▶ [EXERCISE PROMPT]
Your answer should consist solely of the lines from the first line of the data through the line with "Empaque de DOG", each reproduced exactly.
─── DATA SHOWN
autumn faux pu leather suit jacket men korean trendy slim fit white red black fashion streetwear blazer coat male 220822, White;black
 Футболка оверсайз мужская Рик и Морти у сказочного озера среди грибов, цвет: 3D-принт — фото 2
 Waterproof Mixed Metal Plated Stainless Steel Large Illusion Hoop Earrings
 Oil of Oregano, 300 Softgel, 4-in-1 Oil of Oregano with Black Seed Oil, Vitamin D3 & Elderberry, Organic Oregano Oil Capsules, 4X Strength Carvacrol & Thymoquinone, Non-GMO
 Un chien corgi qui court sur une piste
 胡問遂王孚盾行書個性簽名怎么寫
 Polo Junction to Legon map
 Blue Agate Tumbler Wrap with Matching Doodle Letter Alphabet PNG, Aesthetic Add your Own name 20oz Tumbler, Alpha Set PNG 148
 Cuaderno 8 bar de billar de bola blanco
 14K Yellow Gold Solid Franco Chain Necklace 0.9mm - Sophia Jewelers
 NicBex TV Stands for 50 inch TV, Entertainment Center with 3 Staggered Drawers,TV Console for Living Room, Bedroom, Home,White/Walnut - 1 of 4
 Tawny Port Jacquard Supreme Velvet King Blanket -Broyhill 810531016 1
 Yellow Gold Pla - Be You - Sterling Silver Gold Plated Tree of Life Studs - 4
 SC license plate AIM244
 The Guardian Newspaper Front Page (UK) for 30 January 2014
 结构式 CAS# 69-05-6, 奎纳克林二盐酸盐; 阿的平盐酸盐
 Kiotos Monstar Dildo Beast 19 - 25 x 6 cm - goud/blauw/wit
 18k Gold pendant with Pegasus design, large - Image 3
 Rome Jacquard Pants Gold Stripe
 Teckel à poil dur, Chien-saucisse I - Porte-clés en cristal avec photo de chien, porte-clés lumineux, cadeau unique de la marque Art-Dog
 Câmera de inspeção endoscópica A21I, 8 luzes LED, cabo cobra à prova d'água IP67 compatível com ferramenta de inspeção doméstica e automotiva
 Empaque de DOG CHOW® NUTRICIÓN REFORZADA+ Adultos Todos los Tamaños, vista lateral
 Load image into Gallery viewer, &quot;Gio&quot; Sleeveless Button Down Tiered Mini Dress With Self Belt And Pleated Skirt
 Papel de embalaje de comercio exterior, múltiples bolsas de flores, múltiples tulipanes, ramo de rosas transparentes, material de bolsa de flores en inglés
──────
▶ [THE COMPLETED TASK]
autumn faux pu leather suit jacket men korean trendy slim fit white red black fashion streetwear blazer coat male 220822, White;black
 Футболка оверсайз мужская Рик и Морти у сказочного озера среди грибов, цвет: 3D-принт — фото 2
 Waterproof Mixed Metal Plated Stainless Steel Large Illusion Hoop Earrings
 Oil of Oregano, 300 Softgel, 4-in-1 Oil of Oregano with Black Seed Oil, Vitamin D3 & Elderberry, Organic Oregano Oil Capsules, 4X Strength Carvacrol & Thymoquinone, Non-GMO
 Un chien corgi qui court sur une piste
 胡問遂王孚盾行書個性簽名怎么寫
 Polo Junction to Legon map
 Blue Agate Tumbler Wrap with Matching Doodle Letter Alphabet PNG, Aesthetic Add your Own name 20oz Tumbler, Alpha Set PNG 148
 Cuaderno 8 bar de billar de bola blanco
 14K Yellow Gold Solid Franco Chain Necklace 0.9mm - Sophia Jewelers
 NicBex TV Stands for 50 inch TV, Entertainment Center with 3 Staggered Drawers,TV Console for Living Room, Bedroom, Home,White/Walnut - 1 of 4
 Tawny Port Jacquard Supreme Velvet King Blanket -Broyhill 810531016 1
 Yellow Gold Pla - Be You - Sterling Silver Gold Plated Tree of Life Studs - 4
 SC license plate AIM244
 The Guardian Newspaper Front Page (UK) for 30 January 2014
 结构式 CAS# 69-05-6, 奎纳克林二盐酸盐; 阿的平盐酸盐
 Kiotos Monstar Dildo Beast 19 - 25 x 6 cm - goud/blauw/wit
 18k Gold pendant with Pegasus design, large - Image 3
 Rome Jacquard Pants Gold Stripe
 Teckel à poil dur, Chien-saucisse I - Porte-clés en cristal avec photo de chien, porte-clés lumineux, cadeau unique de la marque Art-Dog
 Câmera de inspeção endoscópica A21I, 8 luzes LED, cabo cobra à prova d'água IP67 compatível com ferramenta de inspeção doméstica e automotiva
 Empaque de DOG CHOW® NUTRICIÓN REFORZADA+ Adultos Todos los Tamaños, vista lateral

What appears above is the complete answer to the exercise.